José TRIANA (CUBA/1931)

Publié le par Association ASCODELA

Enregistrer0067 photo J.TrianaIl est né en 1931 à Camaguey dans la province d’Hatuey, à Cuba dans une famille d’ouvriers. Il fera des études de lettres et de philosophie à l’Institut Manzanillo dans l’Oriente, puis à l’université de cette province en 1953.

 

Après avoir travaillé à la Compagnie des téléphones il partit en Espagne en 1955 (il avait 23 ans)  et s’inscrivit à l’Université de Madrid pour des études qu’il n’achèvera pas, mais étudia le théâtre au Cercle des Belles Lettres de Madrid.
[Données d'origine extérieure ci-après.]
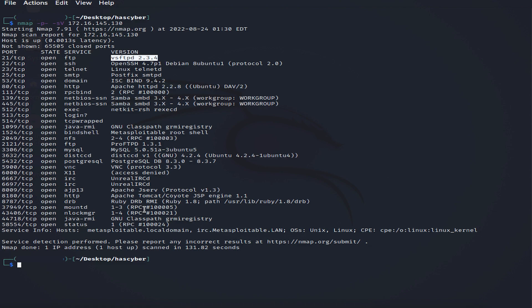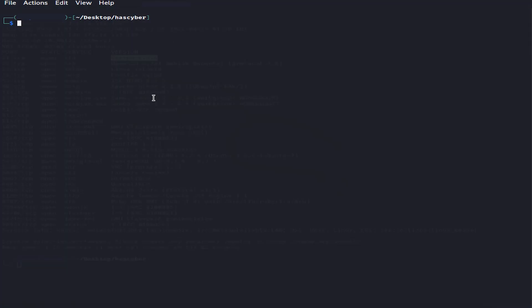First of all, we will be targeting FTP to see if we can brute-force it. We're using a tool called Hydra to brute-force the FTP service, using usernames and passwords from our dictionary to try to gain access.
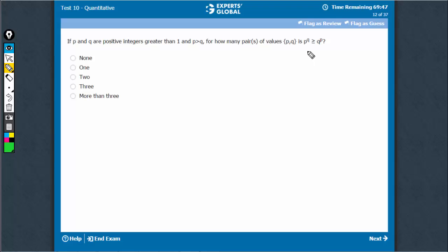Intuitively, you can understand that these have to be very small numbers. Greater than 1 means, let's try with 2 - both are greater than 1, P is bigger than Q.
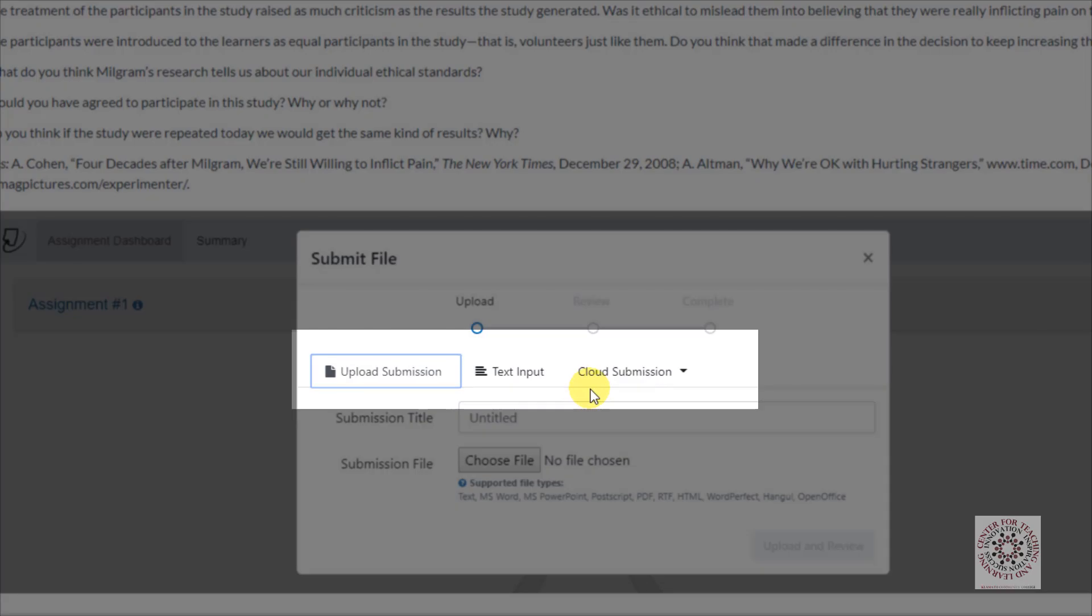You have three submission types: Upload Submission, Text Input, and Cloud Submission.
En 1956 -1957 il fut acteur dans le Groupe Dido et assistant au Théâtre Ensayo (1958).

 

Il visita la France, la Belgique, l’Italie et l’Angleterre.

 

De 1955 à 1964 il fera représenter cinq pièces de théâtre et signera des adaptations ou traductions de pièces étrangères. Il publiera un recueil de poèmes en 1958.

 

De retour à Cuba il fut employé par la Compagnie des téléphones, mais poursuivit ses activités de théâtre à la Sala Prometeo, siégea dans divers organismes (Conseil National de la Culture, Edition Nationale de Cuba, Institut Cubain du Livre) et collabora à de nombreuses revues de Cuba ainsi qu’à deux revues théâtrales de France. Il fut également professeur d’art dramatique et de littérature à Cuba et aux Etats-Unis.

 

Sa pièce La noche de los asesinos (1964) remporta un succès mondial (Amérique latine et Europe) et sera plusieurs fois primée (Cuba, Colombie, Mexique, Argentine).

 

Censuré et accusé de subversion idéologique, il s’exila à Paris en 1980.

 

Il a révélé ses talents de conteur avec Fragmentos y Humo (1999), recueil de nouvelles d’une atmosphère oppressante et d’une certaine profondeur psychologique, mettant en scène, dans un style riche, onirique et sensuel des personnages victimes  de blessures secrètes.

 

Auteur également d’une anthologie de pièces de théâtre espagnoles, José Triana est surtout connu comme auteur dramatique. Il vit en France.


Bibliographie romanesque

NOUVELLES

-   Fragmentos y Humo  (1999)


TRADUCTION

Français
-   Les cinq femmes (Fragmentos y Humo) (Arles. Actes Sud.1999. 128 p.)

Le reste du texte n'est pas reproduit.